Jéssica Porciúncula: Desde criança eu sempre gostei de arte. Durante o colegial, eu cheguei a trabalhar em alguns estúdios de fotografia, na cidade onde eu morava, além de desenhar sempre em casa. Mas eu nunca tinha pensado na arte como uma profissão. Eu sempre gostei de ler, escrever e desenhar então esse perfil acabou se criando na infância, esse gosto pelo fazer mais manual, mais poético, mais artístico.
AS: E tu costumas trabalhar com quais materiais?
JP: Eu trabalho com vários materiais. Sempre procuro experimentar ou aprender uma coisa nova, mas a essência, para mim, é o papel e caneta, eu estou sempre desenhando. Qualquer outro trabalho que eu vá fazer, mesmo que seja um móvel, por exemplo, antes eu vou desenhar nos meus cadernos. Então, eu tenho um apego muito forte com o desenho e com a escrita, mas fora isso eu trabalho com madeira, xerox, colagem, estêncil, gravura, alguns trabalhos em cerâmica e também estou começando um estúdio de tatuagem.
AS: Quais temas tu costumas abordar no teu trabalho? Tens alguma inspiração?

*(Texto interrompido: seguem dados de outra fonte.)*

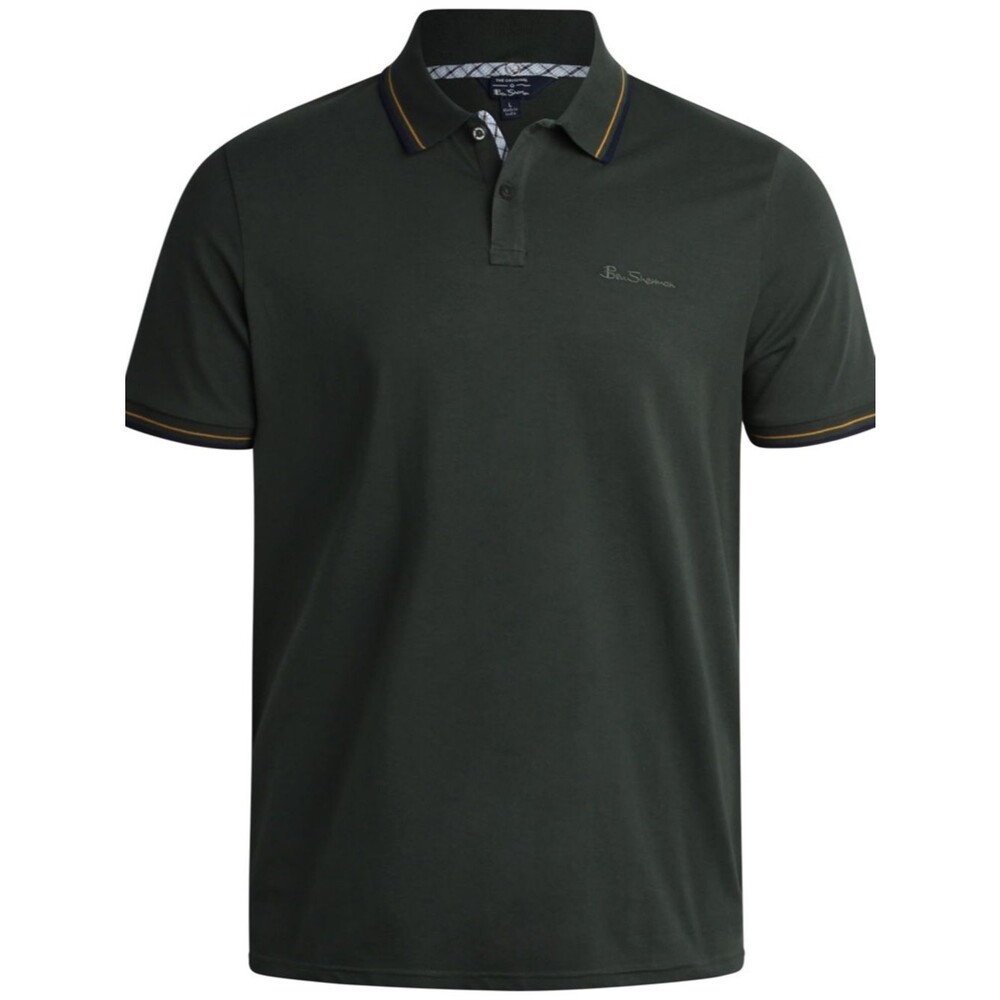 Ben Sherman Forest Green Polo with Navy/Yellow Twin Tip Trim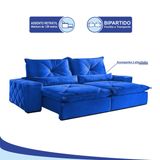 Sofá 4 Lugares Retrátil e Reclinável 2,70 mts Fusion Suede Azul Sofá Mix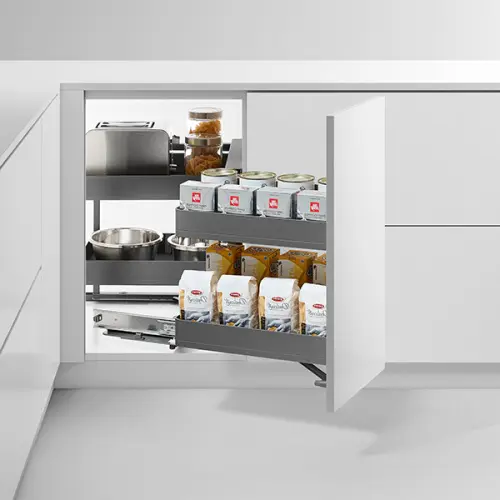 Решение для угловых тумб волшебный уголок encanto magic corner в модуль 900-1000 мм, поворотно выдвижной, правый, серый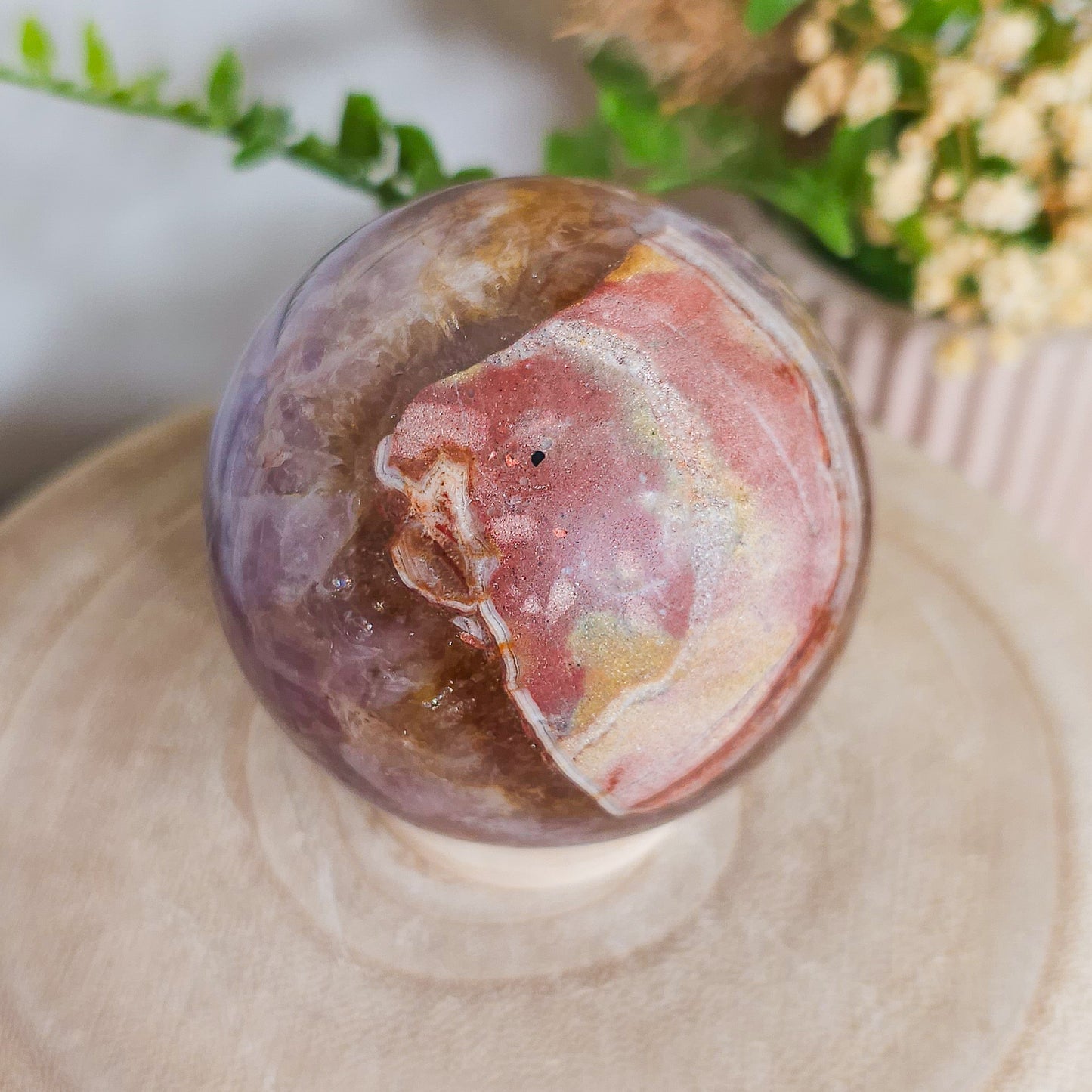 Amethyst with Jasper Sphere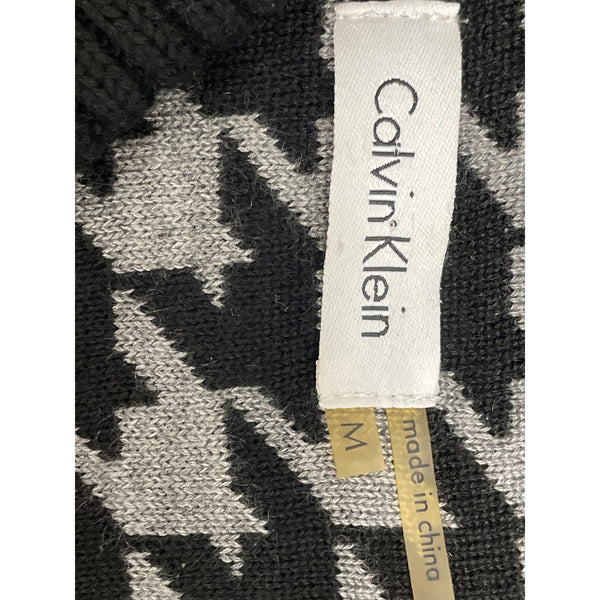 Calvin Klein Womens Houndstooth Sweater Dress With Shawl Collar Size M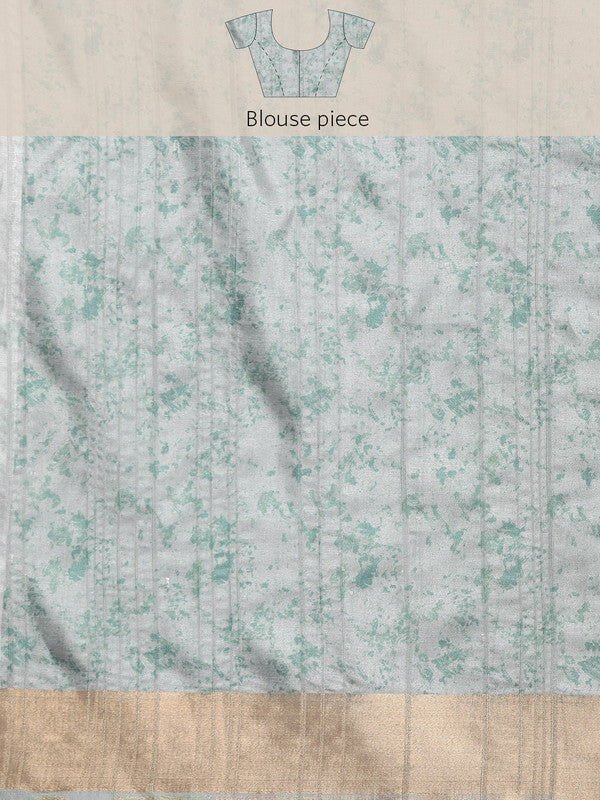 Gray Silk Blend Digital Print Floral Swadesiicart with Unstitched Blouse - Hiral Fashion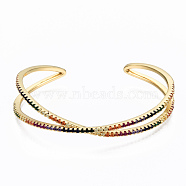 Brass Micro Pave Cubic Zirconia Cuff Bangles, Nickel Free, Criss Cross, Colorful, Real 16K Gold Plated, Inner Diameter: 2-1/4x2 inch(5.85x5cm), 13mm(BJEW-T018-09G-NF)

JP: Eu não sei se eu tenho uma grande inspiração, eu vejo mais como uma poética, alguma coisa em comum no meu trabalho que eu já percebi que acaba sendo comum em vários outros trabalhos meus de forma inconsciente. Eu gosto muito de relacionar coisas com o universo, que dão a entender o quão pequeno nós somos diante dele e, ao mesmo tempo, o quão grande são as nossas decisões e o quanto elas afetam o mundo assim como ele nos afeta. Também gosto de ir ao significado das palavras, tenho um apego muito forte com a linguagem e com o que as palavras podem significar em certos contextos.
AS: Como tu enxergas o cenário em Pelotas para os artistas independentes?
JP: A gente tem que correr atrás, pois a cidade em si não dá suporte para os artistas. O que sustenta a cultura, nesse ponto de vista, é a universidade, mas universitário vem pra cá, fica quatro ou cinco anos e vai embora. Eu vim para cá em 2012, já passei desses quatro anos, então já dá pra ver a movimentação do pessoal que fazia o cenário cultural. As pessoas vão embora e surgem, aos poucos, outros grupos, outros coletivos e fica sempre assim, como se fosse uma maré.
AS: Tu participas do coletivo cultural ArtCidade Criativa. Podes explicar como ele funciona?
JP: O ArtCidade é um coletivo que existe há uns quatro anos, eu entrei nele faz quatro meses. Ultimamente a gente tem produzido mais eventos aqui dentro da casa, antes eram mais eventos de rua. A ideia é produzir eventos numa casa aberta com uma pegada mais política, social e que seja de graça. Vivemos fazendo oficinas, de estêncil, de mobiliário sustentável, de origami, etc. Além disso, sempre deixamos aberto para outros grupos realizarem eventos aqui. Queremos que as pessoas utilizem esse espaço, pois às vezes elas têm a ideia de produzir alguma coisa, mas não podem fazer isso na rua por questões de infraestrutura ou não têm recursos para fazer em outro lugar, então a casa está sempre aberta para esse tipo de proposta.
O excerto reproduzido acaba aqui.